Andrea Zittel: Wagon Station Encampment

Art21 releases the second of a two-part documentary on Andrea Zittel. In this installation she talks about wagons and “sci-fi pioneer aesthetics”.

This week we feature the second part of the Andrea Zittel feature filmed for the web-only “Exclusive” series by Art21. This episode features Andrea Zittel’s “Wagon Station Encampment”: a series of sleeping pods designed by Zittel and arranged throughout her property in Joshua Tree, California.

The wagons are the product of Zittel’s attraction to the art of living sparingly, the frontier mentality and the “idea of having to figure everything out from scratch”. We interviewed “Exclusive” producer Ian Forster who visited Zittel’s property and the wagon stations.

Art21 has a large body of films and documentaries. The series “Exclusive” started in 2008 and is now on episode 213. Why is it so popular; what’s keeping it going?

Once Art21 forms a relationship with an artist, it's for life. Artists that were first featured in our broadcast series Art21 Art in the Twenty-First Century, which premiered in 2001, continue to be documented through new filming for our Web-only series Art21 Exclusive. The series continues to grow because the artists we feature continue to ask new and provocative questions through their work. I think what attracts people to our documentaries is that they present art from an artist's unmediated perspective.

What is it about the work of Andrea Zittel that fascinated you?

What initially attracted me to Andrea Zittel's work was her interest in applying constraints to various aspects of her everyday life such as only using bowls in her kitchen and wearing the same homemade dress for months on end. I was drawn to her idea that constraints can actually provide a sense of liberation by helping you realise what is truly necessary to live a comfortable, creatively fulfilling life.

Art, design and living. In general, the three seem to be cropping up more frequently together as a theme. Why, what’s up?
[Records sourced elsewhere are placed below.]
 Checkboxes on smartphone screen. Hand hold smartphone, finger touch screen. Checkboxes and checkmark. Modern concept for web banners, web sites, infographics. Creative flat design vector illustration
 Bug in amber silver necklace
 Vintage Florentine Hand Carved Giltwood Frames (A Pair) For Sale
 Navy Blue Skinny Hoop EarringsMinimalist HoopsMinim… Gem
Artists and designers have always looked to each other for inspiration and alternative perspectives, especially when it comes to how their work integrates into people's daily lives. I'm not sure if there is a greater influx of this happening at the moment or not. Perhaps we're just paying closer attention to something that's been going on all along.
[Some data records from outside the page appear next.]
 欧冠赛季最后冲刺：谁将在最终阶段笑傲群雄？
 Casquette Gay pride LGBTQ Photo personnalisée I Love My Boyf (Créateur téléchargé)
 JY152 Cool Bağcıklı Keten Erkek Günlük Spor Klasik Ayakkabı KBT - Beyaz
What was filming in Joshua Tree like? And filming Zittel?

Being on Andrea's property in Joshua Tree, California, which she refers to as "A-Z West", was an immersive and at times overwhelming experience. There is so much visual information to absorb and consider because every aspect of how A-Z West is designed and used is infused with meaning. By staying overnight on the property, the crew and I were able to film throughout the day and capture the landscape and Andrea's various projects at dawn and dusk when the sky was rich with color. I hope the videos convey what a beautiful and creative environment it is.
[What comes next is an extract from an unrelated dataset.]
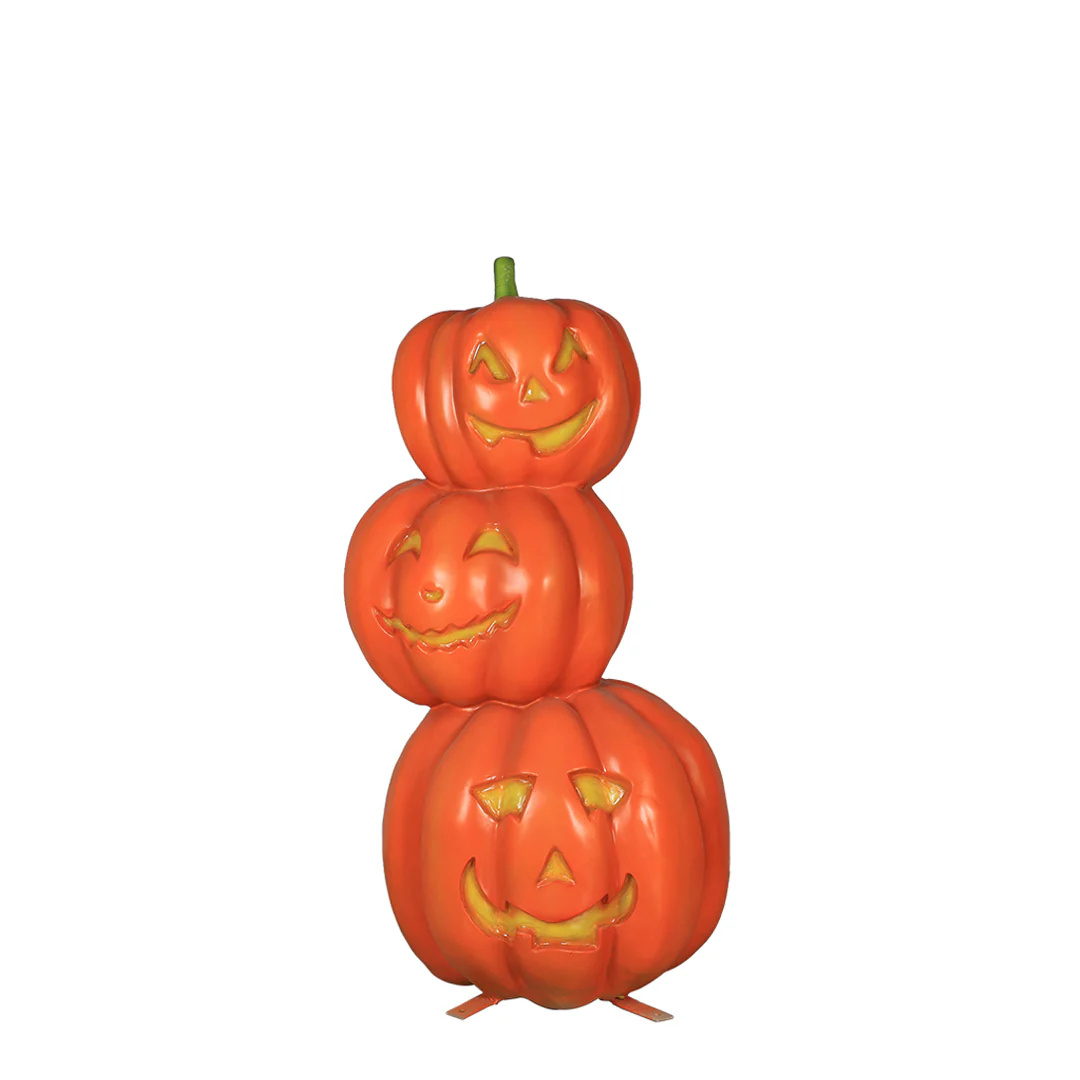 Lifesize Fiberglass Pumpkin Tower 3 Decoration, 67" - Image 4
You’ve worked for Art21 for some time. What made this project unusual?

This project is unusual because of the intimate moments we were able to capture. In the Wagon Station Encampment, we filmed Andrea's guests as they woke up in their pods, and in Andrea's home we filmed her washing dishes as her son read a book nearby. Showing these private, everyday moments helped reinforce the idea that Andrea is investigating how art and design can affect our daily lives. Art21 often films people looking at art, but we rarely ever film people living inside of it.